There’s no difference in effectiveness between the two. Pelletized lime is less dusty and easier to spread evenly with a standard lawn spreader, which is why it dominates the lawn and garden market. Pulverized lime costs less per ton and is the standard choice for agricultural fields, where specialized equipment handles the dust. For a home lawn or garden, pelletized is usually the more practical option.
How Much to Apply
The amount of lime you need depends on your current soil pH, your target pH, and your soil type. Sandy soils need far less lime than clay soils to achieve the same pH change. University of Georgia data illustrates the range: raising pH by one full point across the top 8 inches of soil can require anywhere from about 1,000 pounds per acre in a sandy soil to 10,000 pounds per acre in a heavy clay. For a home lawn, that translates to roughly 23 to 230 pounds per 1,000 square feet, which is why a soil test is essential before you start spreading.

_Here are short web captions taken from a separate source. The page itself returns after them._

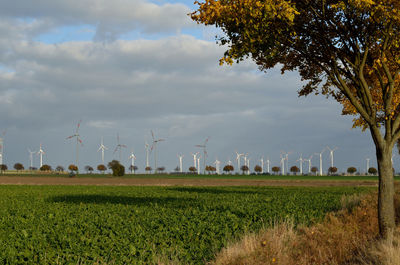 Scenic view of agricultural field against sky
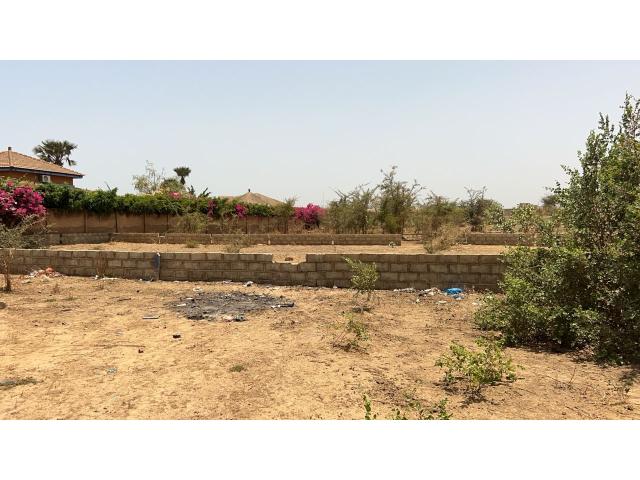 Photo Terrain de 300 mètres carrés à vendre à Saly Sénégal image 2/4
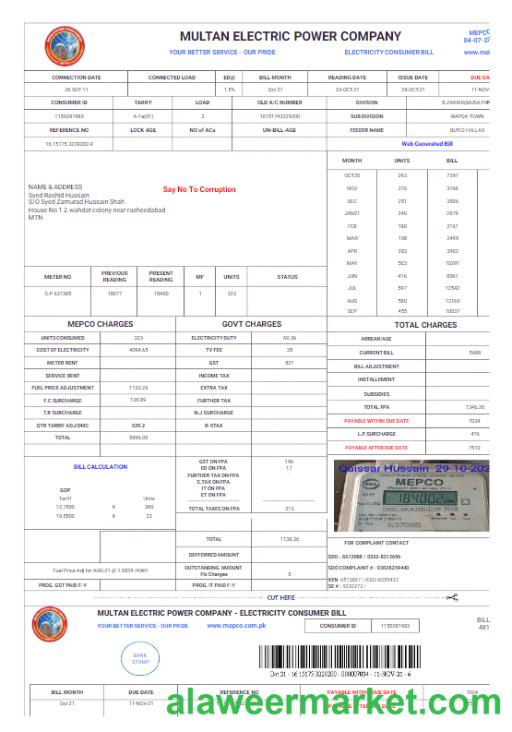 PAKISTAN MULTAN ELECTRIC POWER utility bill Word and PDF template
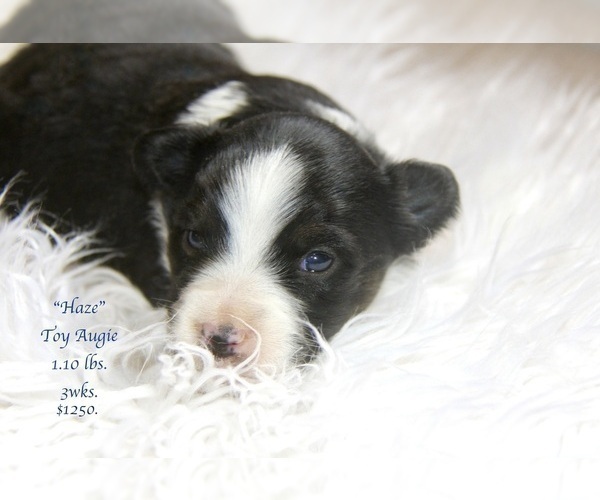 Medium Photo #30 Aussie-Corgi Puppy For Sale in LIND, WA, USA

Most soil testing labs provide a specific lime recommendation in their results, already adjusted for your soil’s texture and buffering capacity. Applying lime without a test is guesswork that can easily overshoot, and overlimed soil creates its own set of nutrient problems.
How Long It Takes to Work
Calcitic lime is not a quick fix. It often takes a year or more before you can measure a meaningful change in soil pH, even under ideal conditions. The reaction requires moisture, so dry soil slows things down considerably. In cases where soil pH is extremely low, you may notice a response within weeks, but that’s the exception rather than the rule.
For best results, apply lime several months before the growing season when you most need the pH correction. Fall applications give the lime time to react through winter and early spring rains. Working lime into the soil speeds up the process compared to surface application, since it brings the calcium carbonate into direct contact with the acidic soil particles below.